The cast is a veritable who’s who of genre stars. We have horror icon Tony Todd (Candyman, Hatchet), Mark Hamill (Star Wars), James Duval (Independence Day), Noah Hathaway (classic Battlestar Galactica, The NeverEnding Story), Sonny Chiba (Street Fighter, Kill Bill), Michael Biehn (Aliens, The Terminator), Jeff Fahey (The Lawnmower Man, Grindhouse) and Danny Trejo (Machete, Desperado) who actually uses a machete in his one scene. This cast is the only reason to watch the film. Everyone gives a great performance, almost as if they are hoping that this little $750k indie film will somehow propel them back into the spotlight. Mark Hamill is amusing as the effeminate Crow, Tony Todd is menacing as always as the ringleader of the gang and Noah Hathaway really puts his all in as Fish, clearly trying to distance himself as far as he possibly can from his child actor days in the early/mid 80s. It’s just sad that the movie they are so enthusiastically trying to elevate is a simple, boring retread of better movies.

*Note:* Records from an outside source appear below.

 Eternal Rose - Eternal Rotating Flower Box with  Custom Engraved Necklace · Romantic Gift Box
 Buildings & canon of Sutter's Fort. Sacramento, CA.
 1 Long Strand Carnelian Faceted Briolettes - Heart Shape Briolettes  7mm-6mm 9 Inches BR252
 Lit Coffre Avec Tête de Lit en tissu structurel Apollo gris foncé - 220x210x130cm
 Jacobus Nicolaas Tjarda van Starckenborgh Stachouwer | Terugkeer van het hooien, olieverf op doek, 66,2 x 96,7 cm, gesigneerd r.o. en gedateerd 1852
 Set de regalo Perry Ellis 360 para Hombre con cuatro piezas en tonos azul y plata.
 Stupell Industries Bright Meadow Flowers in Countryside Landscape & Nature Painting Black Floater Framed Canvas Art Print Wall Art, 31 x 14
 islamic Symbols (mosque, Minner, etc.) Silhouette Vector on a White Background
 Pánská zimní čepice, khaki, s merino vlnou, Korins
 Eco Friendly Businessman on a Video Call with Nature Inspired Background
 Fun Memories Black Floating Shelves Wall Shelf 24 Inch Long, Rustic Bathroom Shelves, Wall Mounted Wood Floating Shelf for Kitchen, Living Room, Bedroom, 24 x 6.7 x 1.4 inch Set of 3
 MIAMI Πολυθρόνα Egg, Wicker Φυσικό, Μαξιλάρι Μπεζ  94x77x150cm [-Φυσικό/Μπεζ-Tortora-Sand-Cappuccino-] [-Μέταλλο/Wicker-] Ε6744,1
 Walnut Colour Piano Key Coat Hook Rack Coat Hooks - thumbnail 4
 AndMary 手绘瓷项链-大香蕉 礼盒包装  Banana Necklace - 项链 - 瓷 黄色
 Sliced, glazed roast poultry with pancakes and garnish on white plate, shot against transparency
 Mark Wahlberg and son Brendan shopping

Writer/director Kern Saxton really seems to think he has something special here. He manages to get amazing performances out of his cast and keeps the story somewhat interesting even though it all takes place in one location. It’s like a feature length stage play that looks like a million bucks. Sure the guy has an eye for a cool shot now and then, but his blatant plagiarism is what does this flick in. Think the scene in Reservoir Dogs where the crooks have that cop tied to a chair and Michael Madsen tortures him for information. Picture that extended to ninety minutes. The torture scenes are brutal, but hardly graphic. The violence is tame compared to some other recent movies which is a point I’m going to award to Saxton. It could have gone off the rails gruesome, but thankfully he reels it in and keeps it to a minimum. The guy has talent, but this comes off as an ego project and nothing more. The twists and turns in the plot are as formulaic as they come and ultra predictable. I had the ending figured out at around the halfway point and that’s not a good thing.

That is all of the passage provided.